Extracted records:
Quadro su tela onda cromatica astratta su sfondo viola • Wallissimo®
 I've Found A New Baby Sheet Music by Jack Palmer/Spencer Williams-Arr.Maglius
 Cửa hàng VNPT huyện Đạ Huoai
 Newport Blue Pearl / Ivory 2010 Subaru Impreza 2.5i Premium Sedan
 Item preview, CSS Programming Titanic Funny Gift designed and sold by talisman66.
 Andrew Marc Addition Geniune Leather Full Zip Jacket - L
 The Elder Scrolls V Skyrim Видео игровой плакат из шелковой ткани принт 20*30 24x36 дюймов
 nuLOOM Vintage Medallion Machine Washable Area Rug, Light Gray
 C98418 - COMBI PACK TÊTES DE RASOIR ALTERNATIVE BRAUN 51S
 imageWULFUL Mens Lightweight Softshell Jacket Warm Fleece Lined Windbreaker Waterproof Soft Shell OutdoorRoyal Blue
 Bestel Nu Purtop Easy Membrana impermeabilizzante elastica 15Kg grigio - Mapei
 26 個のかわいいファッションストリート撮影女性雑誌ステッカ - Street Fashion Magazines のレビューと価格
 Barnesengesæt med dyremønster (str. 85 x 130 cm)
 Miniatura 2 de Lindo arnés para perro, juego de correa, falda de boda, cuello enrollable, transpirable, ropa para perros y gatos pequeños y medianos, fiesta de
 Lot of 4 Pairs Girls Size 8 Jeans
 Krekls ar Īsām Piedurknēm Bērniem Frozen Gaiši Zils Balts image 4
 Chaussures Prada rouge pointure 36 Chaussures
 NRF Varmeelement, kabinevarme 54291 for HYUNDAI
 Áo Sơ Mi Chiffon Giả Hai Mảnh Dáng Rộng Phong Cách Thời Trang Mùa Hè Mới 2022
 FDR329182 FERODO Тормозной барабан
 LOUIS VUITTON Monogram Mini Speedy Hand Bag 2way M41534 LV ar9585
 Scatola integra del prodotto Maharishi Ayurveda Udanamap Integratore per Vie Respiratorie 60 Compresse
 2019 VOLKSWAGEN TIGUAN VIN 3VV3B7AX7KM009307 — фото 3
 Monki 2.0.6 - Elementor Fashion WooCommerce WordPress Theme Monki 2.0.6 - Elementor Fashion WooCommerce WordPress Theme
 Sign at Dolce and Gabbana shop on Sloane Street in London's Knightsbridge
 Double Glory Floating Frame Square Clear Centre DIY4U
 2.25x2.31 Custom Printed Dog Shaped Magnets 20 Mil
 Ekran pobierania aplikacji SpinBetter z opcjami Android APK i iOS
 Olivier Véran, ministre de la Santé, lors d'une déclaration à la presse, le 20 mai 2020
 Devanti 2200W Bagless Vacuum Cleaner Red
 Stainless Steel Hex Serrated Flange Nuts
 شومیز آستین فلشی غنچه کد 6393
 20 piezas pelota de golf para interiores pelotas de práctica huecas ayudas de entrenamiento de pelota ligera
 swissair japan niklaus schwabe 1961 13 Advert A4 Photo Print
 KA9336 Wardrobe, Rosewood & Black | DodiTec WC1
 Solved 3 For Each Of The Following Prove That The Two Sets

Task item:
Exactly the lines from the one with "Scatola integra del" through the final line of the entries are to be returned, both ends included.

Answer section:
 Scatola integra del prodotto Maharishi Ayurveda Udanamap Integratore per Vie Respiratorie 60 Compresse
 2019 VOLKSWAGEN TIGUAN VIN 3VV3B7AX7KM009307 — фото 3
 Monki 2.0.6 - Elementor Fashion WooCommerce WordPress Theme Monki 2.0.6 - Elementor Fashion WooCommerce WordPress Theme
 Sign at Dolce and Gabbana shop on Sloane Street in London's Knightsbridge
 Double Glory Floating Frame Square Clear Centre DIY4U
 2.25x2.31 Custom Printed Dog Shaped Magnets 20 Mil
 Ekran pobierania aplikacji SpinBetter z opcjami Android APK i iOS
 Olivier Véran, ministre de la Santé, lors d'une déclaration à la presse, le 20 mai 2020
 Devanti 2200W Bagless Vacuum Cleaner Red
 Stainless Steel Hex Serrated Flange Nuts
 شومیز آستین فلشی غنچه کد 6393
 20 piezas pelota de golf para interiores pelotas de práctica huecas ayudas de entrenamiento de pelota ligera
 swissair japan niklaus schwabe 1961 13 Advert A4 Photo Print
 KA9336 Wardrobe, Rosewood & Black | DodiTec WC1
 Solved 3 For Each Of The Following Prove That The Two Sets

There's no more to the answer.